CONTACT: GEORGE MCCRORY
100 Old Public Library
Iowa City IA 52242
(319) 384-0012; fax (319) 384-0024
Release: Aug. 30, 2000
UI management sciences team wins data mining competition
IOWA CITY, Iowa -- What kinds of people are likely to buy insurance policies
for their trailers? The answer, submitted by assistant professor Nick Street
and Ph.D. candidate YongSeog Kim of the University of Iowa Henry B. Tippie
College of Business, helped the Iowa researchers win the CoIL Challenge, an
international data mining competition.
Street and Kim of the college's department of management sciences won the
description category of the CoIL Challenge, which was created to promote the
application of data mining technology to real world problems. Data mining
is a process of identifying valid and potentially useful patterns of information
drawn from a large volume of data and is being used by companies to make informed
decisions that affect the bottom line.
The competition consisted of two tasks derived from a Dutch insurance company's
direct marketing data. One was to predict which customers would be interested
in the policy, based on 86 variables including product usage data and socio-demographic
data derived from postal codes. The other was to describe why customers have
such a policy and how these customers are different from other people.

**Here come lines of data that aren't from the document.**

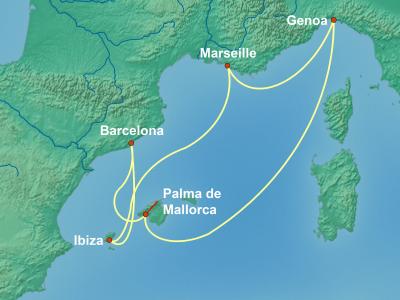 6 Night Mediterranean Cruise On MSC Orchestra Departing From Barcelona itinerary map
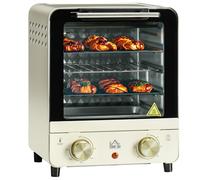 HOMCOM Mini Oven, 15 Litres Electric Oven and Grill with 60-230℃ Adjustable Temperature, 60 Minute Timer, Include Baking Tray, Wire Rack and Crumb Tray, 1000W, Cream White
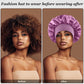 4PCS Silk Satin Bonnets for Black Women & Men - Elastic Wide Band Hair Wrap Cap for Curly Hair - Shower Cap for Sleeping (Black, Blue, Purple, Green)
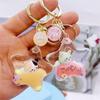 Personalized Cartoon Five-Star Milk Tea Oil Liquid Drift Bottle Keychain Schoolbag Car Creative Pendant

For the prediction task, Street and Kim used artificial neural networks
(a machine learning approach inspired by the structure of neurons in the brain)

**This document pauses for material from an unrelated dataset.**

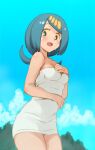  1girl blue_hair ero_kaeru hair_ornament lana&#039;s_mother_(pokemon) mature_female pokemon pokemon_(game) pokemon_sm towel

and an evolutionary search method developed by Filippo Menczer, a UI assistant
professor of management sciences, to choose a subset of the 86 variables that
could reliably predict policy buyers. Their resulting model raised the expected
hit rate of prospective policy buyers from under six percent to over 14 percent,
a significant improvement that ranked with the top handful of entries in the
For the description task, Street and Kim combined information from an artificial
neural network with other data mining techniques to build a descriptive profile
of likely -- and unlikely -- customers. These models learn to spot relationships
in the data that may escape human inspection.
So who are the most likely customers to buy insurance for trailers? They
come from upper-middle-class families with more than one insured automobile,
and possibly other types of insurance policies. Bad bets include both extremes
of the income scale, farmers, and somewhat surprisingly, senior citizens.

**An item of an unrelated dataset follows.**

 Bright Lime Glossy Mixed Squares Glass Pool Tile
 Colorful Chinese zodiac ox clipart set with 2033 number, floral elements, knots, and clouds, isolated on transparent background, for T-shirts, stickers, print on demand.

Their entry was chosen as the winner from 41 entries submitted from around
the world by both academic and professional contestants, as judged on comprehensibility,
usefulness and actionability.
According to Stephan van Heusden, a marketing consultant from MSP Associates
who judged the contest, a good entry combined a description of the results
with a 'tool' to use the results. He said the UI team "clearly explained"
which steps preceded conclusions. "(They) may have discovered all conclusions
the others also found," but additionally, tried to interpret them, said
For more information, contact Street at (319) 335-1016 or firstname.lastname@example.org,
and see the CoIL challenge website at http://www.dcs.napier.ac.uk/coil/.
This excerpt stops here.